**** Data provided
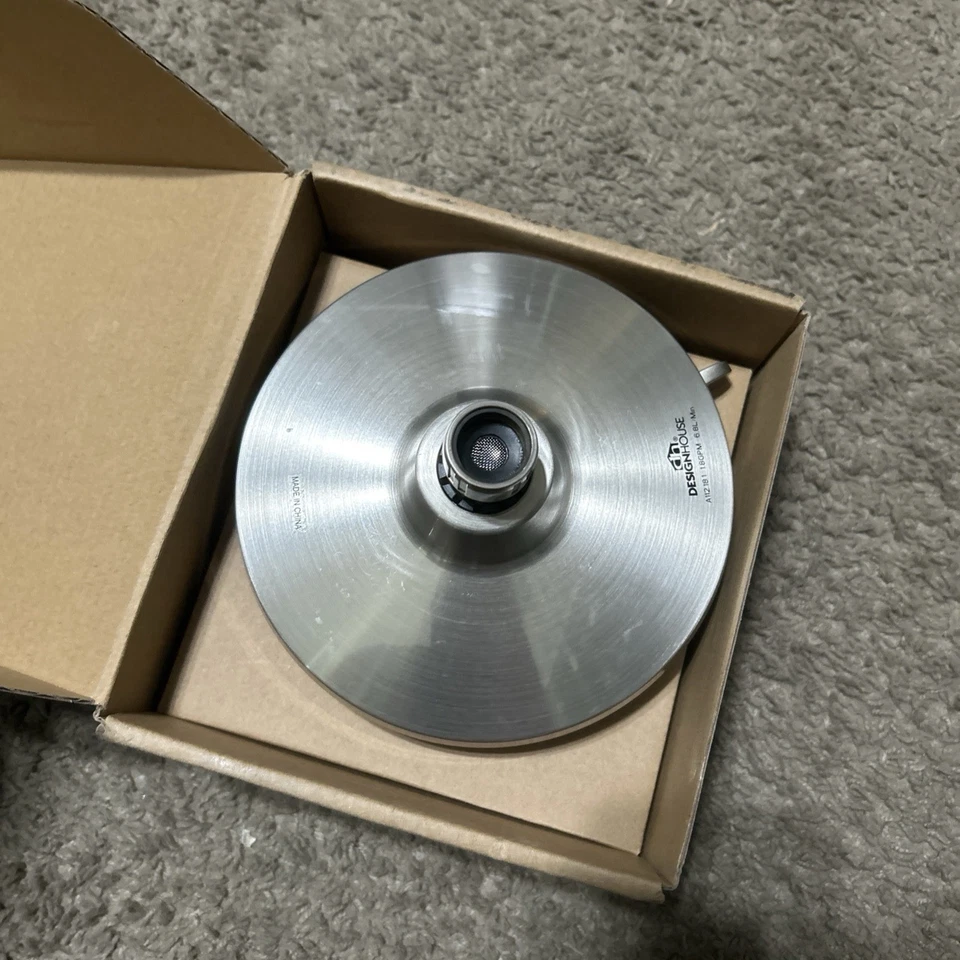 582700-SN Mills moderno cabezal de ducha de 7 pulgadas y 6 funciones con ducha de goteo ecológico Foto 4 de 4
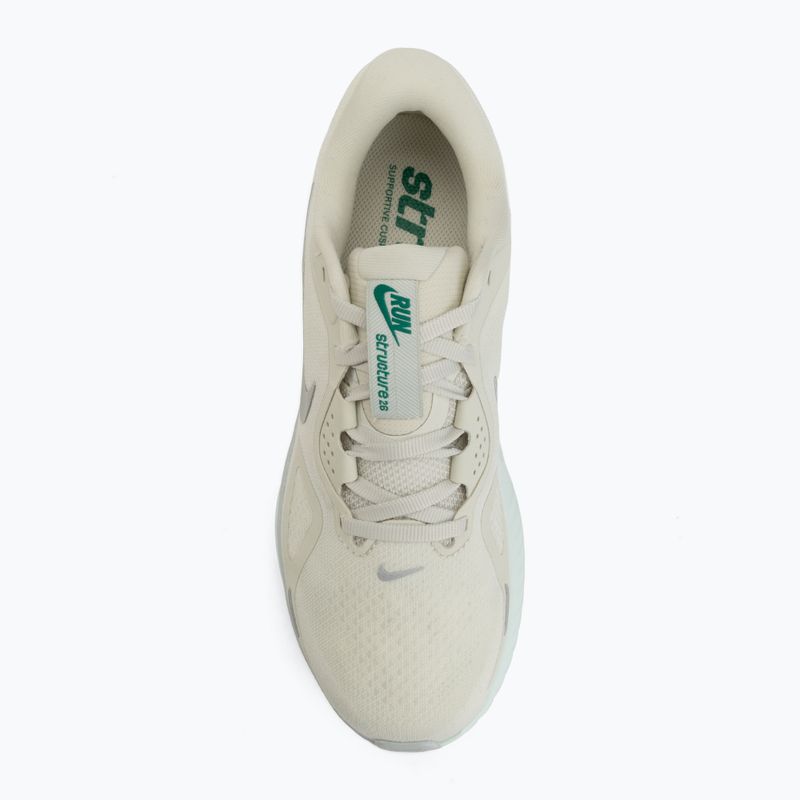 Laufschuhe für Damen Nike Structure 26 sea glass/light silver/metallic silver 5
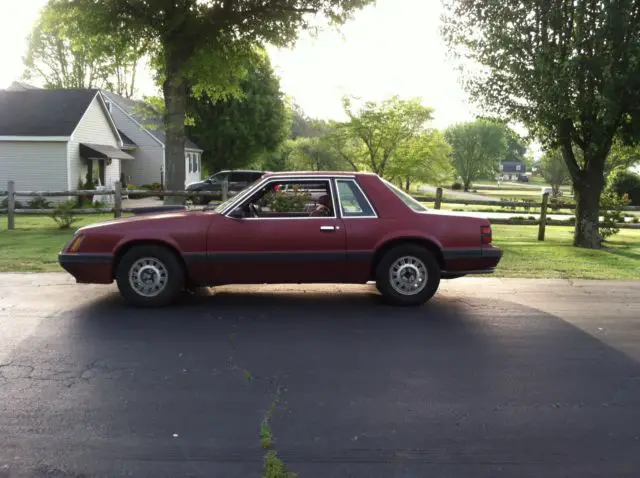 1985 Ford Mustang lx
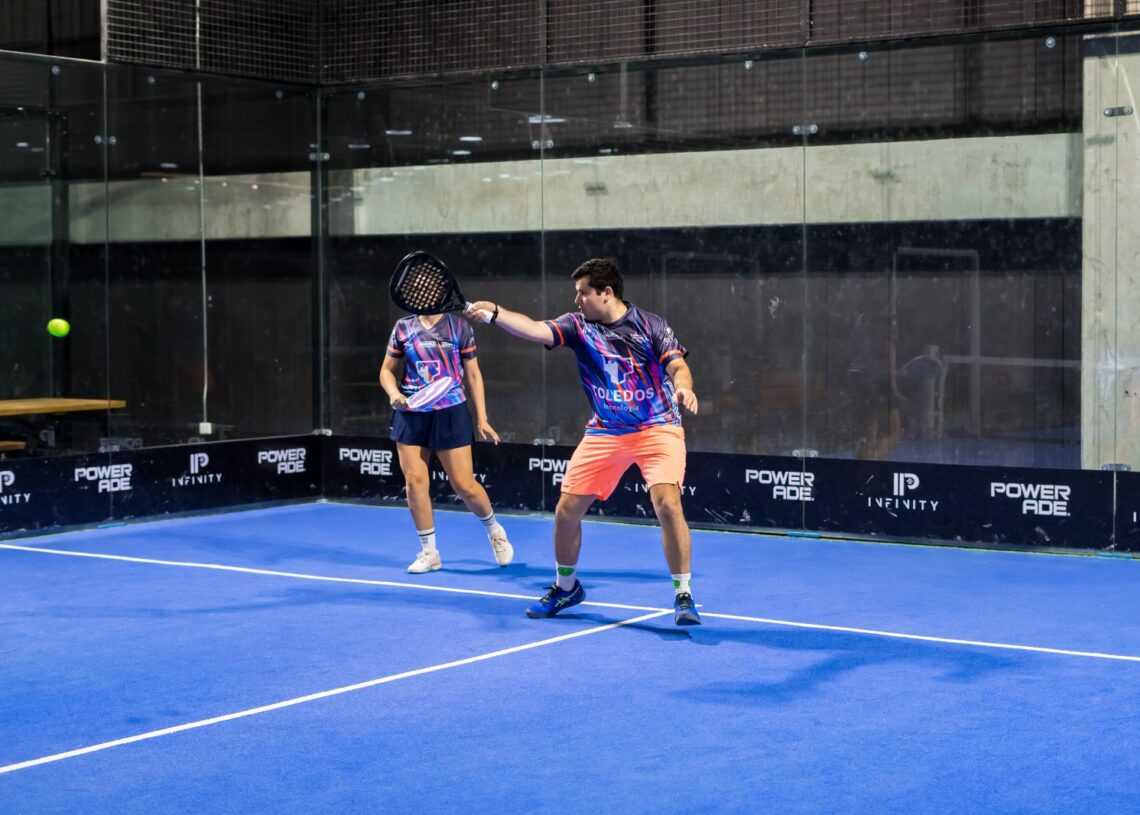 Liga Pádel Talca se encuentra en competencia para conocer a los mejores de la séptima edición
********
Work task: Each line above is to be repeated exactly as written; no picture is carried over.

Finished task:
 582700-SN Mills moderno cabezal de ducha de 7 pulgadas y 6 funciones con ducha de goteo ecológico Foto 4 de 4
 Laufschuhe für Damen Nike Structure 26 sea glass/light silver/metallic silver 5
 1985 Ford Mustang lx
 Liga Pádel Talca se encuentra en competencia para conocer a los mejores de la séptima edición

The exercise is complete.